Posted by Amanda Toering
September 14, 2005 @ 11:21 am
Filed under: Libraries

The Muskogee Phoenix thinks that the Oklahoma City library commission is over-reacting by hiding “gay-themed” kids’ books from their intended audience.

Free access to knowledge is a library tradition.

Sadly, Oklahoma County’s Metropolitan Library Commission feels a need to restrict that tradition and the commission’s fears have gotten the better of its members’ good sense.

The commission voted 10 to 7 late last month to place youth material of a “sensitive nature” in the adult section accessible only by “adults in authority.”

The decision came after a parent complained about children books with homosexual themes being on the children’s bookshelves.

But these books are not pornography — something children need to be protected from - nor do they describe sexual acts or themes inappropriate for children.

The books designated for restriction do present a different idea about the structure of society.

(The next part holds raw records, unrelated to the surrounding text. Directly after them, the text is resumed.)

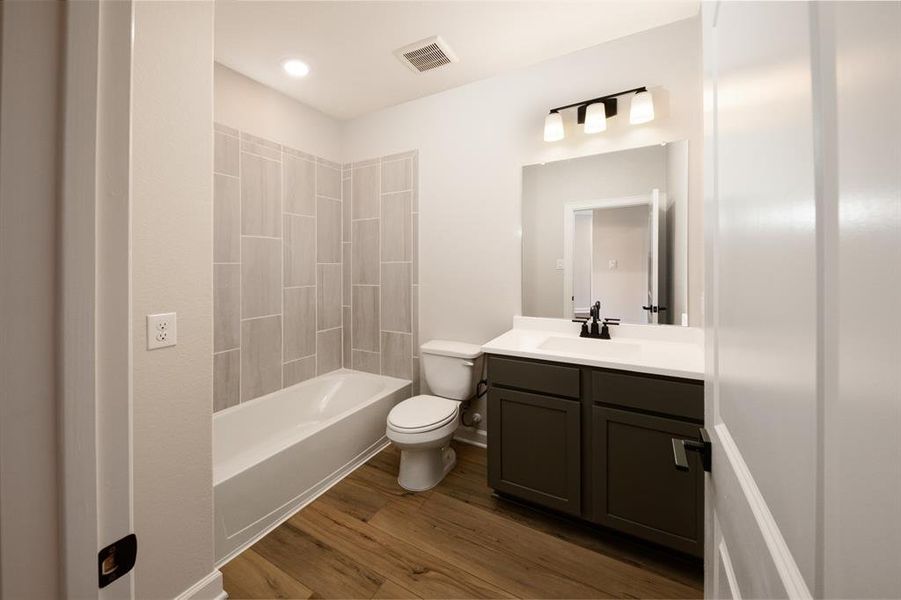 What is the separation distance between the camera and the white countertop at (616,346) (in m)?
1.56

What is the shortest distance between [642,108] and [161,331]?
2.44m

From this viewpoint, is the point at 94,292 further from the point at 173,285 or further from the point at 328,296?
the point at 328,296

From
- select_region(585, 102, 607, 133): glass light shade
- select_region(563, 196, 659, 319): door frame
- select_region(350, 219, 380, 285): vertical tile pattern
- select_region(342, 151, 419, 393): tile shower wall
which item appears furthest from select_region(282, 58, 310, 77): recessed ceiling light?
select_region(563, 196, 659, 319): door frame

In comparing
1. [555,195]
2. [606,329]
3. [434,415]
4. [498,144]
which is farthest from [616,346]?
[498,144]

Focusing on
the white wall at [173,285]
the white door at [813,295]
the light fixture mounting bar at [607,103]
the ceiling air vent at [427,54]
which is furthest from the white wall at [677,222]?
the white wall at [173,285]

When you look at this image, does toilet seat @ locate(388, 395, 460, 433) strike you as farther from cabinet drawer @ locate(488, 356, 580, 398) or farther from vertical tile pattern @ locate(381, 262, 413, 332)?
vertical tile pattern @ locate(381, 262, 413, 332)

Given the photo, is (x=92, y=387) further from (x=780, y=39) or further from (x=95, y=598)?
(x=780, y=39)

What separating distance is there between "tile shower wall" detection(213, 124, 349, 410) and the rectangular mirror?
1.67m

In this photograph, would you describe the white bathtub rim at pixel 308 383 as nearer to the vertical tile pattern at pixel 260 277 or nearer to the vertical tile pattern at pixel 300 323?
the vertical tile pattern at pixel 300 323

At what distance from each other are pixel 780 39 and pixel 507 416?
67.8 inches

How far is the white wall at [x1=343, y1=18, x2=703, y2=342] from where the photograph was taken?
193cm

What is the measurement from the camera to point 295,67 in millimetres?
2285

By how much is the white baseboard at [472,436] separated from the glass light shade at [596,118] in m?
2.12

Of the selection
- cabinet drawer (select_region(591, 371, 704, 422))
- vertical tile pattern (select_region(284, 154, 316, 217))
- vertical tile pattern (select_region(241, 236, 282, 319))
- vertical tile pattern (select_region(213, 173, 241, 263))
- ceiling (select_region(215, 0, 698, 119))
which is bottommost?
cabinet drawer (select_region(591, 371, 704, 422)) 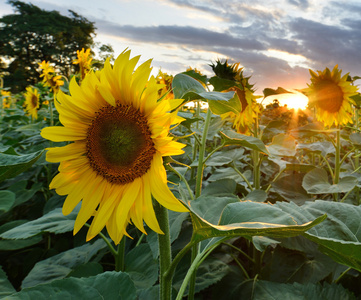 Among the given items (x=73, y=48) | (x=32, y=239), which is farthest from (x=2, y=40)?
(x=32, y=239)

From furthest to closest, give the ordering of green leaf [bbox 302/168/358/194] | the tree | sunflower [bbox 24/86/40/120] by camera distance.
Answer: the tree
sunflower [bbox 24/86/40/120]
green leaf [bbox 302/168/358/194]

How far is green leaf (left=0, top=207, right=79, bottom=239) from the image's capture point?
0.98 meters

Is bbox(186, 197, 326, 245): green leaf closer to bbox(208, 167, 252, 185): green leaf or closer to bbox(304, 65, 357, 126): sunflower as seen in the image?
bbox(208, 167, 252, 185): green leaf

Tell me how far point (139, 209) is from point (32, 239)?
3.04ft

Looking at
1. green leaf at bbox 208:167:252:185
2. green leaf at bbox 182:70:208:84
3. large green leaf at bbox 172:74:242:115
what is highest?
green leaf at bbox 182:70:208:84

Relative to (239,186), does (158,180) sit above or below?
above

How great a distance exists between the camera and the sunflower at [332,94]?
6.01 feet

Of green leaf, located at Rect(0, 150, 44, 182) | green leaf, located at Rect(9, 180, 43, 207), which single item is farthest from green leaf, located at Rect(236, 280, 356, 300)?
green leaf, located at Rect(9, 180, 43, 207)

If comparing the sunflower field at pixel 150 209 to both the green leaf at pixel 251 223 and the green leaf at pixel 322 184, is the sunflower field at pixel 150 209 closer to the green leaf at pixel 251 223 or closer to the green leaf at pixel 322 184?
the green leaf at pixel 251 223

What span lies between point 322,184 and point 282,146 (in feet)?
0.75

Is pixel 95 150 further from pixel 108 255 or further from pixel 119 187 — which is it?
pixel 108 255

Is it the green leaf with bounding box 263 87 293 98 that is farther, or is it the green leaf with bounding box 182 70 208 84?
the green leaf with bounding box 263 87 293 98

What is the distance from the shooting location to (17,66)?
2369 cm

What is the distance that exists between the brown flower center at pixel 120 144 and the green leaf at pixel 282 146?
2.56ft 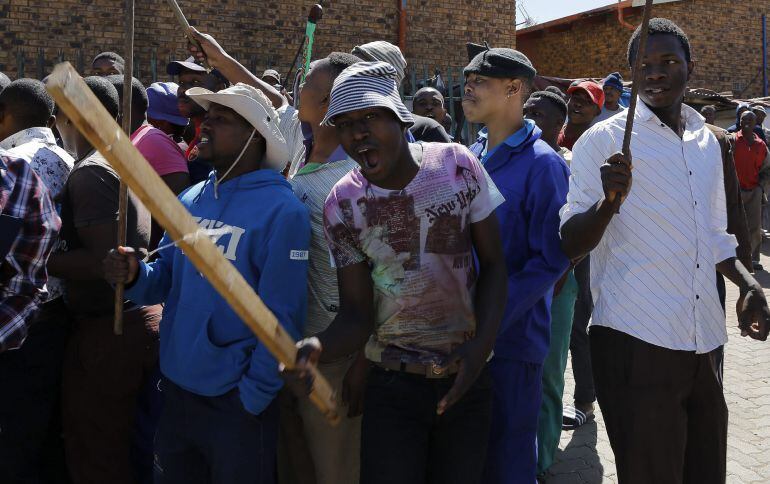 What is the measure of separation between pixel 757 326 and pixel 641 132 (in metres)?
0.83

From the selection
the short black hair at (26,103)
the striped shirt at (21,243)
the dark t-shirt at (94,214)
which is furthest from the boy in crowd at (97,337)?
the short black hair at (26,103)

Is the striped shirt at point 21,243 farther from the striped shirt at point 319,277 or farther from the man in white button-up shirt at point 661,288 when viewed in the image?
the man in white button-up shirt at point 661,288

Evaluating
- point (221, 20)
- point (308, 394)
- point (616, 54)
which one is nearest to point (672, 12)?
point (616, 54)

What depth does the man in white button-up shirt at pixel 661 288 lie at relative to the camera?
9.14 ft

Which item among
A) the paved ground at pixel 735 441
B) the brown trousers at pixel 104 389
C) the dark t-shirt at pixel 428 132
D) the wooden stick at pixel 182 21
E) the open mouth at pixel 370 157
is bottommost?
the paved ground at pixel 735 441

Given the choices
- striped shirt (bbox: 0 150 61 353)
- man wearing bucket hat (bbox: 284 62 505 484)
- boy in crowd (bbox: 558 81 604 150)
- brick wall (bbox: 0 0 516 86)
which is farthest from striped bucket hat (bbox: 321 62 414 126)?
brick wall (bbox: 0 0 516 86)

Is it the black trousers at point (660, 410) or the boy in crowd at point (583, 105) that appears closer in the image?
the black trousers at point (660, 410)

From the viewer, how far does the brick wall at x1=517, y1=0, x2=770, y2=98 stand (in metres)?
19.4

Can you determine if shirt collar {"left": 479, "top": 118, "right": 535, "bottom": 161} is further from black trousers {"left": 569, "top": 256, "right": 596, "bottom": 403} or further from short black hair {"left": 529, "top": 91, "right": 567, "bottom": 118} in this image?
black trousers {"left": 569, "top": 256, "right": 596, "bottom": 403}

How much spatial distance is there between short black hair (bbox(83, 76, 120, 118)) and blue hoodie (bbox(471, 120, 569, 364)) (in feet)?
5.90

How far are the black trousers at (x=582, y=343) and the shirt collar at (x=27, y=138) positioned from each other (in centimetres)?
330

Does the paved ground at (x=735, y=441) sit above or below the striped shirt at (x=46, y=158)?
below

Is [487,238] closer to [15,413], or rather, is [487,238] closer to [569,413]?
[15,413]

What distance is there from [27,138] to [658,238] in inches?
107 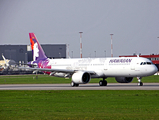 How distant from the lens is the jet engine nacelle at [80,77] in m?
52.3

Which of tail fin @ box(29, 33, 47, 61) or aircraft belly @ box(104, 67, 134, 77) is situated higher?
tail fin @ box(29, 33, 47, 61)

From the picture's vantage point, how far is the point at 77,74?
52938 millimetres

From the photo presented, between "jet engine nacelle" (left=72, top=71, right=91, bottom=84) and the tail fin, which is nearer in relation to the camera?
"jet engine nacelle" (left=72, top=71, right=91, bottom=84)

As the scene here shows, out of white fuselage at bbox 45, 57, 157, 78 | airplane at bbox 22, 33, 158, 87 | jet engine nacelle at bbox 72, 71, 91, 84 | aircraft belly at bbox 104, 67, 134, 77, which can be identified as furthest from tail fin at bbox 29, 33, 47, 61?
aircraft belly at bbox 104, 67, 134, 77

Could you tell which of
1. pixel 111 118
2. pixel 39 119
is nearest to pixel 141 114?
pixel 111 118

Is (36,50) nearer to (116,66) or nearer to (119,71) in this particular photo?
(116,66)

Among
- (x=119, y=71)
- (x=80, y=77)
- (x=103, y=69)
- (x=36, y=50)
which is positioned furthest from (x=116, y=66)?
(x=36, y=50)

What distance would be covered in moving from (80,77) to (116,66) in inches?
221

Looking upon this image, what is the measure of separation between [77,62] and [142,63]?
12.5 metres

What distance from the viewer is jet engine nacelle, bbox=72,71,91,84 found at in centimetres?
5231

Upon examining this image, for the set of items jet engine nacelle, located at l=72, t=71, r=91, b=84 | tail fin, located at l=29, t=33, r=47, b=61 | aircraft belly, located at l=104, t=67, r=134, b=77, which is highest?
tail fin, located at l=29, t=33, r=47, b=61

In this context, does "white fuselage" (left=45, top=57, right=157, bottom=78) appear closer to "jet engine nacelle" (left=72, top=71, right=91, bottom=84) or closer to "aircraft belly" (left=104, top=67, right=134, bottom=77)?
"aircraft belly" (left=104, top=67, right=134, bottom=77)

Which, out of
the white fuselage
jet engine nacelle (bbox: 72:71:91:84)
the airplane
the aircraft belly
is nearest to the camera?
the white fuselage

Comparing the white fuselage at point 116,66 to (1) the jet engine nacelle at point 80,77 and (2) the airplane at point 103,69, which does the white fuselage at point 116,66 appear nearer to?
(2) the airplane at point 103,69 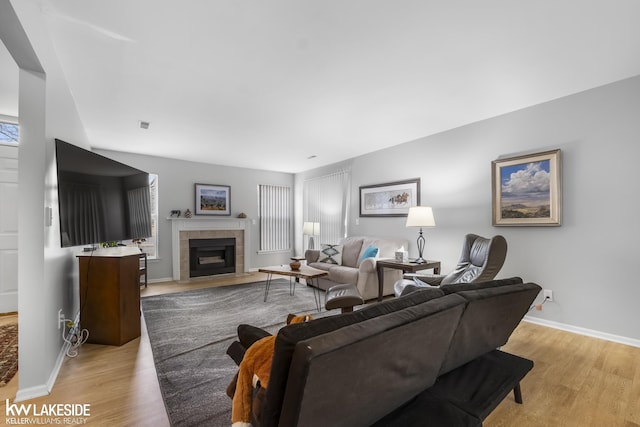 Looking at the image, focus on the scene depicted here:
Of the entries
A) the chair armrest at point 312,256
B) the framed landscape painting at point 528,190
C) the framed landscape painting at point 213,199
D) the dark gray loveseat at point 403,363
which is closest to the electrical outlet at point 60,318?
the dark gray loveseat at point 403,363

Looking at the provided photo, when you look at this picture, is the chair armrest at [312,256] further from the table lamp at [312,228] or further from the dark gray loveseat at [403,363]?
the dark gray loveseat at [403,363]

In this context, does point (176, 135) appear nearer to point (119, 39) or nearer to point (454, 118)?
point (119, 39)

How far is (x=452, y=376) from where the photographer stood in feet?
4.91

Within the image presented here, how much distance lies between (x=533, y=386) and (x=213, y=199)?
5943 millimetres

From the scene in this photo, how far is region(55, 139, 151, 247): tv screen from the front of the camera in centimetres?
209

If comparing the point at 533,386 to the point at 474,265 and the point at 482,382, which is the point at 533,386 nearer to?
the point at 482,382

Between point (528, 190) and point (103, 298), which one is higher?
point (528, 190)

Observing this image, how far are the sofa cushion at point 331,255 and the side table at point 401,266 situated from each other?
976mm

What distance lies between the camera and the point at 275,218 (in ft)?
23.4

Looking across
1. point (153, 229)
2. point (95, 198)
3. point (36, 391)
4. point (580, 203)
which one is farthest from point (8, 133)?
point (580, 203)

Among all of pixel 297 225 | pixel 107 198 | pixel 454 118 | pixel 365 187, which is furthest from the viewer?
pixel 297 225

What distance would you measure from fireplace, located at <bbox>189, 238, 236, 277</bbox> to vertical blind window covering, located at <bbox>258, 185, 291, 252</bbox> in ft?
2.80

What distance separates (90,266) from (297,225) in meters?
4.92

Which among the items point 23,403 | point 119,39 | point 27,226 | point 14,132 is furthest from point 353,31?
point 14,132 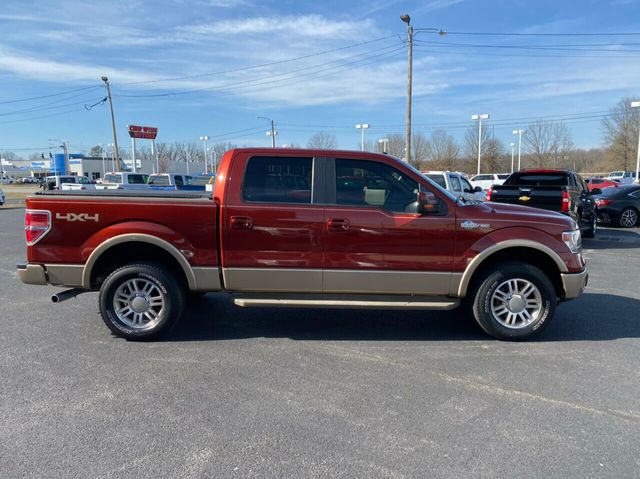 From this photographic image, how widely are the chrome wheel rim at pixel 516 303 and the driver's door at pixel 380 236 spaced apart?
A: 23.2 inches

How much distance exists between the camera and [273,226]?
458 cm

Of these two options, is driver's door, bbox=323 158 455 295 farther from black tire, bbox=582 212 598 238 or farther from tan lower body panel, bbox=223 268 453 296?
black tire, bbox=582 212 598 238

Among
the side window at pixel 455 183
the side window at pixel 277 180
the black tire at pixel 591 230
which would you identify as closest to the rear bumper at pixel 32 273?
the side window at pixel 277 180

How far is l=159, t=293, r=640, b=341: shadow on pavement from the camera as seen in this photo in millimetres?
4957

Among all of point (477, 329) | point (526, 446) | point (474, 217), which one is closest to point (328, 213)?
point (474, 217)

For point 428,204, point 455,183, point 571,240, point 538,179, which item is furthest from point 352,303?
point 455,183

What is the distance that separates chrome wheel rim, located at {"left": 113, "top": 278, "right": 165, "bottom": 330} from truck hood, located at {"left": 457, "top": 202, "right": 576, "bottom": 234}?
3.29 m

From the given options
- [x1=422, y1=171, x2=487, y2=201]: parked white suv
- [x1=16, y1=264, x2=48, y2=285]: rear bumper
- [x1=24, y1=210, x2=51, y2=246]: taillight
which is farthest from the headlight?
[x1=422, y1=171, x2=487, y2=201]: parked white suv

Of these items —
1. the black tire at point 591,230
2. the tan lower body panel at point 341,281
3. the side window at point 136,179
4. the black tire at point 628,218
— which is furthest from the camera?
the side window at point 136,179

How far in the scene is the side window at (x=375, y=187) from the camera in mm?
4664

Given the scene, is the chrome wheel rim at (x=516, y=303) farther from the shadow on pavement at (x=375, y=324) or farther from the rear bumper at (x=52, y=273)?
the rear bumper at (x=52, y=273)

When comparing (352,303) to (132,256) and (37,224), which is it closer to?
(132,256)

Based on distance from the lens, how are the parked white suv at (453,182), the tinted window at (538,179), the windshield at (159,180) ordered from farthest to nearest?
the windshield at (159,180) → the parked white suv at (453,182) → the tinted window at (538,179)

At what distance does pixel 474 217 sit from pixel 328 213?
1.51m
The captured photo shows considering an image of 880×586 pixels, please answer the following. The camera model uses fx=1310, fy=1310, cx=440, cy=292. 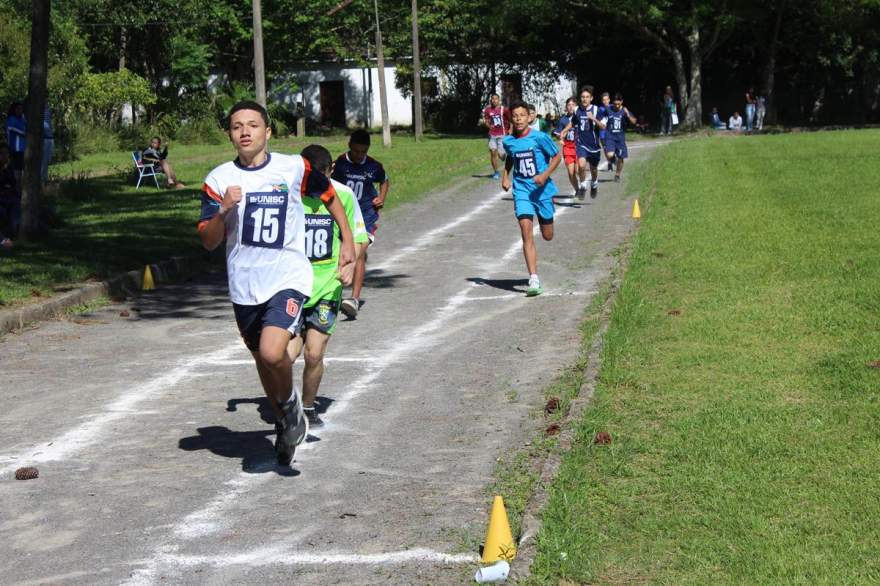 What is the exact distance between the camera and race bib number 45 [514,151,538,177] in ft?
45.5

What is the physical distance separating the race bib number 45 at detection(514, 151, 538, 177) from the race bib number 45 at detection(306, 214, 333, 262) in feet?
18.4

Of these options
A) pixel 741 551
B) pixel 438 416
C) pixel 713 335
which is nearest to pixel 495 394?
pixel 438 416

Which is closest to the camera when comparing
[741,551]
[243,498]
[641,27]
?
[741,551]

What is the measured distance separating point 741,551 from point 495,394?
147 inches

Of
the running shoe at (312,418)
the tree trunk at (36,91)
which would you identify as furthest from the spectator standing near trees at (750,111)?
the running shoe at (312,418)

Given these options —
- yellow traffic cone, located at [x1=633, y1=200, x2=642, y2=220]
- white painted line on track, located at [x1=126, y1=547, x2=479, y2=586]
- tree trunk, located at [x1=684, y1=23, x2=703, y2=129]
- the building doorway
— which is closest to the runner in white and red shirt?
yellow traffic cone, located at [x1=633, y1=200, x2=642, y2=220]

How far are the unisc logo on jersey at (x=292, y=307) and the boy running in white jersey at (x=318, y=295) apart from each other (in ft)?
1.02

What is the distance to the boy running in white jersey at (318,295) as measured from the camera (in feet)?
25.7

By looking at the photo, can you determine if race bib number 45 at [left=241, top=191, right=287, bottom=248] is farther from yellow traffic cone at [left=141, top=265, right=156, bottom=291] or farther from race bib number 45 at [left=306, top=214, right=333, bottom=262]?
yellow traffic cone at [left=141, top=265, right=156, bottom=291]

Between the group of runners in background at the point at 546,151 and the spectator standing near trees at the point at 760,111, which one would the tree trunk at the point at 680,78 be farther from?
the group of runners in background at the point at 546,151

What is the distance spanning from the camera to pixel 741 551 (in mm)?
5371

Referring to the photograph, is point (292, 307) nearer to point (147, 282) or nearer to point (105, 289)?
point (105, 289)

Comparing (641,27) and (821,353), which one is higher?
(641,27)

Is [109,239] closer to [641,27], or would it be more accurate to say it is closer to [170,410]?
[170,410] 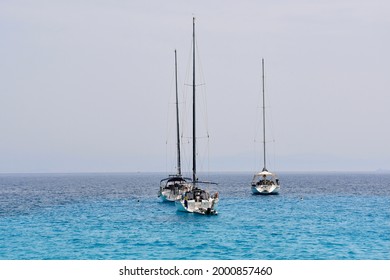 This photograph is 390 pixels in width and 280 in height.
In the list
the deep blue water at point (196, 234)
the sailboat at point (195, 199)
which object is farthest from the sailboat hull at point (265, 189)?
the sailboat at point (195, 199)

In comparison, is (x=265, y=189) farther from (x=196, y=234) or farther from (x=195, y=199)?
(x=196, y=234)

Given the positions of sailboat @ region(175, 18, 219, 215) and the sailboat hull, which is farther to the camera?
the sailboat hull

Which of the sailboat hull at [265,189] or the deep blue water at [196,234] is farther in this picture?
the sailboat hull at [265,189]

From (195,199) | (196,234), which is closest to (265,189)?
(195,199)

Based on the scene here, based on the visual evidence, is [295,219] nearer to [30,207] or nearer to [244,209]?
[244,209]

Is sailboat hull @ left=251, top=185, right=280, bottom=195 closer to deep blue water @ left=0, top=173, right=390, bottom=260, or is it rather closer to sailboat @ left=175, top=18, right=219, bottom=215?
deep blue water @ left=0, top=173, right=390, bottom=260

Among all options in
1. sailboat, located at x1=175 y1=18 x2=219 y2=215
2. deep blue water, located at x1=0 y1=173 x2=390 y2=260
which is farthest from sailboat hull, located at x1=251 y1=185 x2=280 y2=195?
sailboat, located at x1=175 y1=18 x2=219 y2=215

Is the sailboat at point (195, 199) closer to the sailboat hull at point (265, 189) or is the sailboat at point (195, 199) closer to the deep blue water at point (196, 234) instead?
the deep blue water at point (196, 234)

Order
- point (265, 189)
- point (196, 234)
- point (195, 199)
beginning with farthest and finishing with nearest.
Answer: point (265, 189) < point (195, 199) < point (196, 234)

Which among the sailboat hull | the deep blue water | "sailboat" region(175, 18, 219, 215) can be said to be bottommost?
the sailboat hull

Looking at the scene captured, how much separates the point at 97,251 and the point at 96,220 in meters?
21.2

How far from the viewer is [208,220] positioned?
60.6 m

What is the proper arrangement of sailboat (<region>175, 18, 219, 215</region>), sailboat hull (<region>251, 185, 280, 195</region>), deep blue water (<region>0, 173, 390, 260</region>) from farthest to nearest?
sailboat hull (<region>251, 185, 280, 195</region>)
sailboat (<region>175, 18, 219, 215</region>)
deep blue water (<region>0, 173, 390, 260</region>)

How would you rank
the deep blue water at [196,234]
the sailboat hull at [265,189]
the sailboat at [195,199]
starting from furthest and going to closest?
the sailboat hull at [265,189] < the sailboat at [195,199] < the deep blue water at [196,234]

And once a commission begins restricting books because they present a new idea, what new idea will they restrict next?

The commission says it will form a committee using “good judgment and community standards” to review which books should be restricted. However, this is only another name for censorship that once started, doesn’t end.

And if the commission wants to keep children away from certain books, it is going about it the wrong way. Like many other morality busts in the past, the commission is only drawing more attention to something it says it wants to hide from the public.

From the Muskogee Phoenix.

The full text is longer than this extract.